Unintended Consequences from Narrow Measures
Rating schools only according to a narrow set of quantitative indicators leads to unfortunate consequences. As the social psychologist Donald Campbell wrote in 1976, “the more any quantitative social indicator is used for social decision-making, the more subject it will be to corruption pressures and the more apt it will be to distort and corrupt the social processes it is intended to monitor.” Using test scores to rate schools has produced such distortions. Educators have gamed such measures by narrowing the curriculum, teaching-to-the-test, and excluding low-performing students from testing – even, in some cases, by encouraging cheating.
Narrow measures also send an inaccurate message about which schools are succeeding and which are failing – exacerbating inequality in the process. As scholars have revealed, raw standardized test scores often reflect, primarily, the social and economic backgrounds of students. Yet parents may view such scores as indicators of how successful schools are in helping students do better. Consequently, even when schools whose students have low scores promote more growth for those students, the schools can be stigmatized as failures. And schools can be over-optimistically rated as high-performing when, in fact, their test scores merely reflect the privileged backgrounds of their students. Seeking the best schools for their children, quality-conscious parents with access to resources steer their offspring into schools with high test scores, and in the process create a self-fulfilling prophecy in which the schools with the best prepared students get more of them – which leads to more impressive test scores, even if the schools themselves are not making much difference. By contrast, schools with students who struggle on tests will continue to get relatively poor scores on this narrow measure.
Building a Better Measure
Is it possible to measure school quality in a more effective manner that avoids, or at least minimizes, these unintended consequences? There are two good ways to proceed:
- Use multiple measures of school quality. In performance management, the use of so-called “balanced scorecards” is a relatively standard practice. Applying this to education, a measure of school quality can include not only student standardized test scores, but also other indicators of features that parents, educators, and policymakers consider important in education – a measure of a school’s safety, its level of diversity, its academic climate, or even the availability of arts and music offerings.

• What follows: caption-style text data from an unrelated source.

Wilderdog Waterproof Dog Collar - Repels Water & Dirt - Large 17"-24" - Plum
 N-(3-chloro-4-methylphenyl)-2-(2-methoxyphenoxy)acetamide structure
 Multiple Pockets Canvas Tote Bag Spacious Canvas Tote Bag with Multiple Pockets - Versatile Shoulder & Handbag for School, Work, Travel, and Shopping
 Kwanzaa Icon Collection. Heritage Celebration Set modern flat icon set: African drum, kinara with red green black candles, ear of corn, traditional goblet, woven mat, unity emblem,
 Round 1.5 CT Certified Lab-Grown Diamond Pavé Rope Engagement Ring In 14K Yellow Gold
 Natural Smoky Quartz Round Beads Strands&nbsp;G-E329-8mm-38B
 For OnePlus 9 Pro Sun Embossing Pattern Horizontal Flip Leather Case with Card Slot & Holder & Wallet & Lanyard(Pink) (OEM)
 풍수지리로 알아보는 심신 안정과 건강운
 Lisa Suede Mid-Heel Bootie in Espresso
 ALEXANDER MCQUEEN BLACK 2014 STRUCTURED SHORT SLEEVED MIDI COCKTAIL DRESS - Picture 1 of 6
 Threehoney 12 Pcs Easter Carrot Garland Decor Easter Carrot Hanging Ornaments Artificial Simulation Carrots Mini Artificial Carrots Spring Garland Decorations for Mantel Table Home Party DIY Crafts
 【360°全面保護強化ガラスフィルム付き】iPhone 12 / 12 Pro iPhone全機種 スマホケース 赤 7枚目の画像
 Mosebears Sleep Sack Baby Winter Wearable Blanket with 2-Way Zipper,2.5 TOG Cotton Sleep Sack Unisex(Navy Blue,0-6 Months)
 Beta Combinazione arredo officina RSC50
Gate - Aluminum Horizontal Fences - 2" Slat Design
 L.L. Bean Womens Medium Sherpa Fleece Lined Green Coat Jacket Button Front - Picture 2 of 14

- Allow users to place their own weights on school scorecard variables. For each measure of school quality, minimum thresholds can be set. But beyond that, various users of the scorecard can indicate the school qualities most important to them and see how schools rank with their weightings taken into account. Schools can still be compared, but without creating a single rank-ordered list of schools. This avoids improperly stigmatizing schools that do very well in some key ways – such as helping struggling students – and also assists parents and others trying to find schools that fit their values and meet the specific needs of children in varied circumstances.
In our research, we designed the “Dreamschool Finder” ranking tool that provides users with information about all public schools offering instruction in Kindergarten through twelfth grade in the state of Massachusetts. Pulling from the available statewide data, we included more comprehensive measures than raw standardized test scores – giving users information about average student growth in mathematics, average student growth in English Language Arts, school climate, college readiness, school resources, and diversity.
Users of the Dreamschool Finder are able to weight the different measures of school effectiveness according to their own values – generating their own customized picture of school quality. This balanced scorecard approach reveals that various schools in Massachusetts excel on different measures. And the result is a more inclusive, and likely more accurate, portrait of effective schools.
Our project for Massachusetts had to rely on imperfect available data about schools, which we believe can be easily improved by state legislators and school administrators. Yet even despite our limitations, the Dreamschool Finder offered new perspectives on the varied ways in which schools can perform well – offering a more balanced picture of excellence than ranking schools on a single, narrow measure. Our approach also aligns better with what parents and the public want, because they, too, value a variety of forms of school excellence.
Our trial research on a more inclusive measure of school excellence puts us in a good position to suggest improved measures of school performance to policymakers, not just in Massachusetts but across the country. Public dialogue about improving schools – locally, at the state level, and nationally – needs to press ahead and become more nuanced and thoughtful. In order for that to happen, though, better evaluative measures of the variety of things schools do must be developed and used in districts, states, and in federal policymaking. No Child Left Behind’s call for regular evaluation of school performance was a start, but to do such evaluation well, we must create and deploy a full array of meaningful measures.